Immigration Thought of the Day
Frequent readers will know that I am a strong supporter of open immigration. I don't disagree with McQ at Q&O when he writes "Open Borders or Welfare State: Pick One," but I don't think that this is the logic of most folks who are anti-immigration. It may be their public stance, but if more folks really thought this way, there would be serious discussion of tiered citizenship or guest worker models similar to what I have proposed on several occasions.
However, I am tempted to become a close-the-border proponent if the left continue to use numbers skewed by immigration to justify expansions of taxation and the welfare state. Whether they are illegal or not, whether they should be allowed to stay or not, the fact is that tens of millions of generally poor and unskilled immigrants have entered this country over the last several decades. These folks dominate the lower quintile of wage earners in this country, and skew all of our traditional economic indicators downwards. Median wages appear to be stagnating? Of course the metric looks this way -- as wages have risen, 10 million new folks have been inserted at the bottom. If you really want to know what the current median wage is on an apples to apples basis back to 1970, take the current reported median wage and count up about 10 million spots, and that should be the number -- and it will be much higher.
Income distribution numbers are the same way. I showed in a previous post how these numbers are deceptive, when we compare them to Europe, because though European poor have a higher percentage of the median wage in their country, it is a higher percentage of a lower number. When you correct for that effect, the US poor look pretty equal.

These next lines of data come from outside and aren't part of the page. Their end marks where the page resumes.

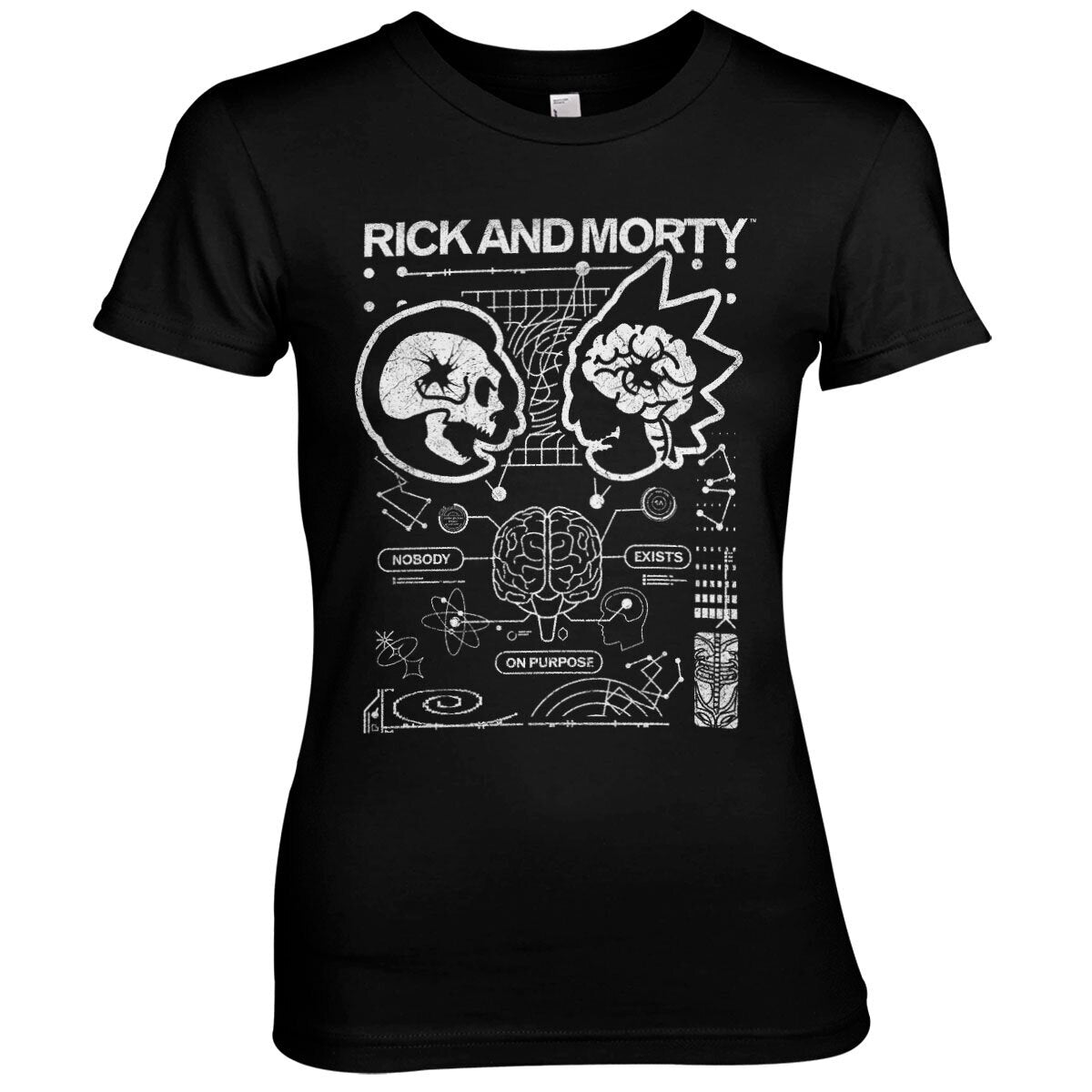 Rick and Morty - Nobody Exists On Purpose Girly Tee – T-shirt femme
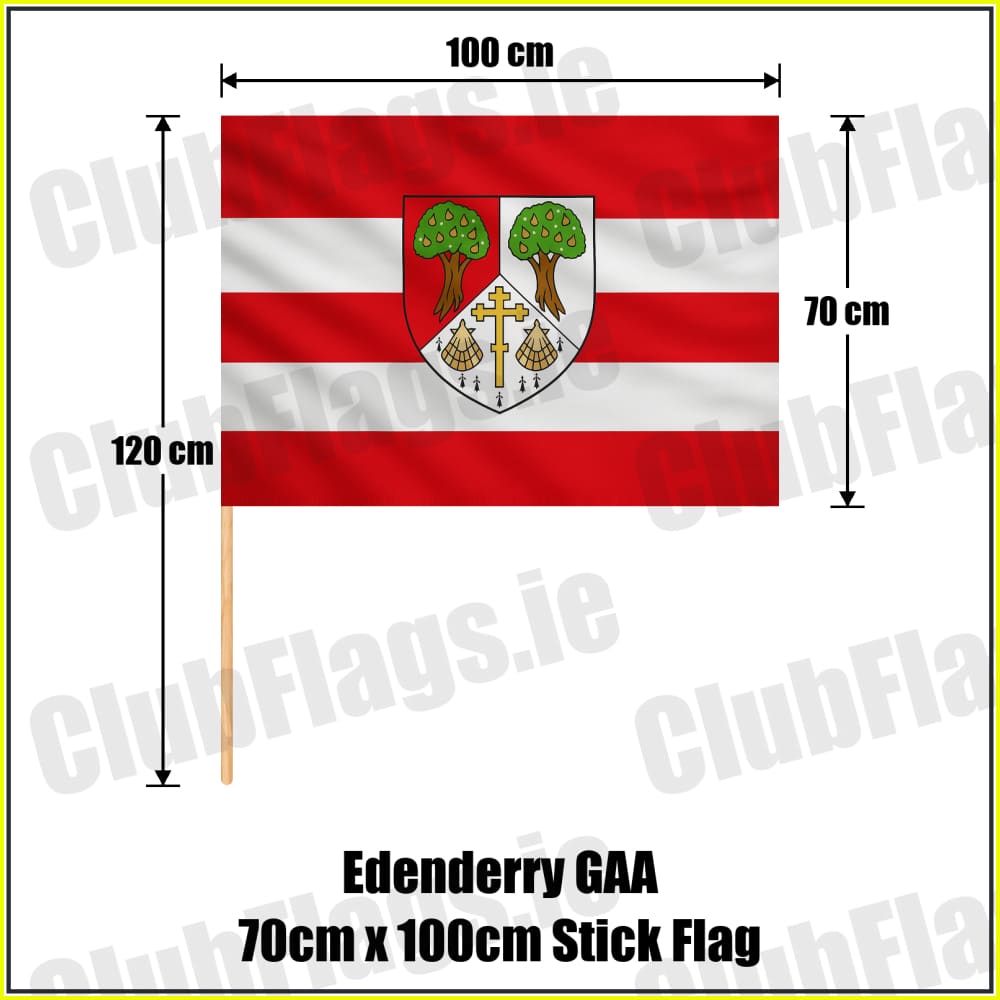 Edenderry GAA 70cm x 100cm Stick Flag - ClubFlags.ie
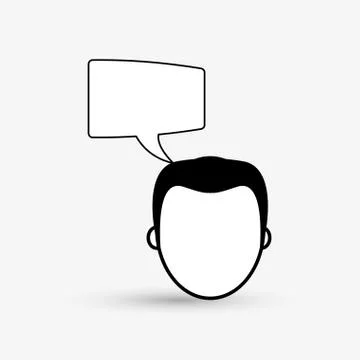 Communication design. bubble icon. Flat illustration , vector Stock Illustration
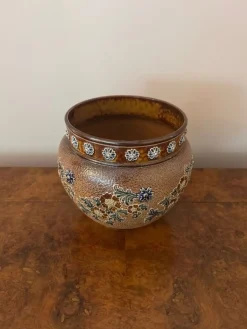 Antike Jardiniere von Doulton Lambeth, 1890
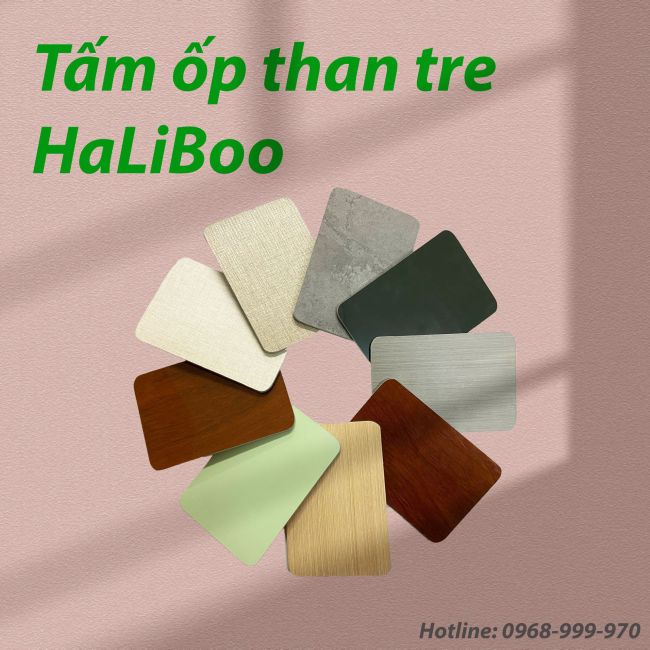 tấm ốp đa năng sợi than tre haliboo 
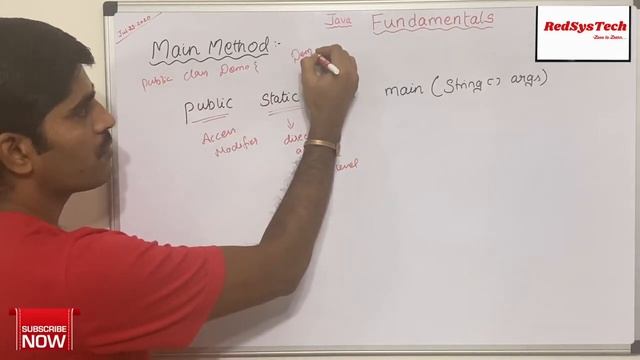 # 22 What is a Main Method in Java? | Main Method | How Main Method works in Java| Java | RedSysTec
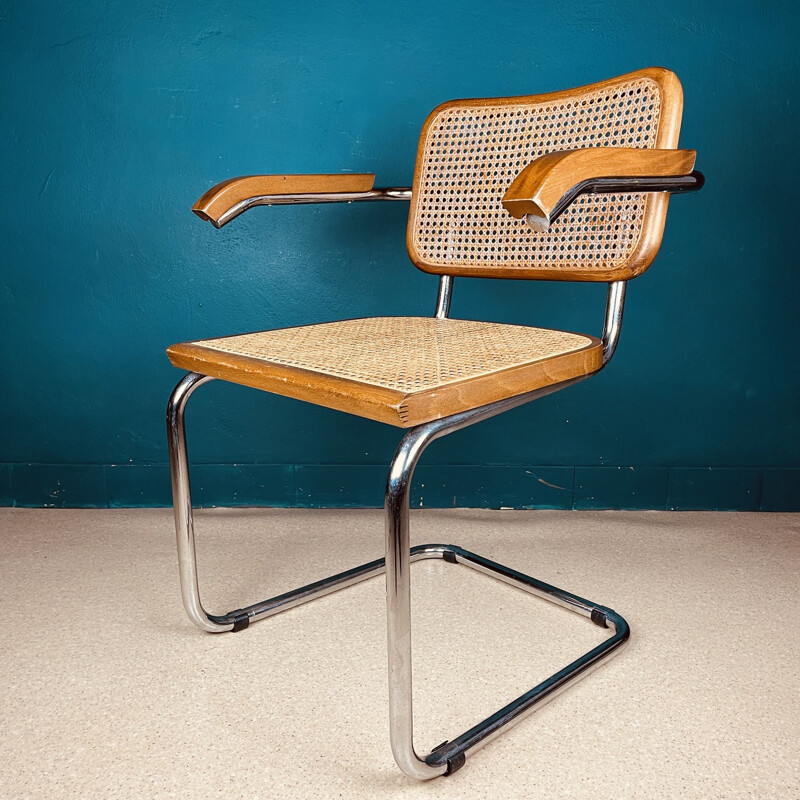 Mid-century Cesca B32 chair by Marcel Breuer, Italy 1980s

But immigration exaggerates this effect even more. Instead of having income distribution numbers comparing, say, a lawyer and a blue collar worker, they are now comparing a lawyer and a non-English-speaking recent unskilled immigrant. Of course the disparity looks worse!
The folks using these numbers have to be smart enough to understand this issue, so it can only be hugely disingenuous that they simultaneously promote immigration (which I support) while at the same time using immigrant-skewed numbers to say that the average US worker is somehow worse off. If they keep this tactic up, even I may be tempted to close the borders.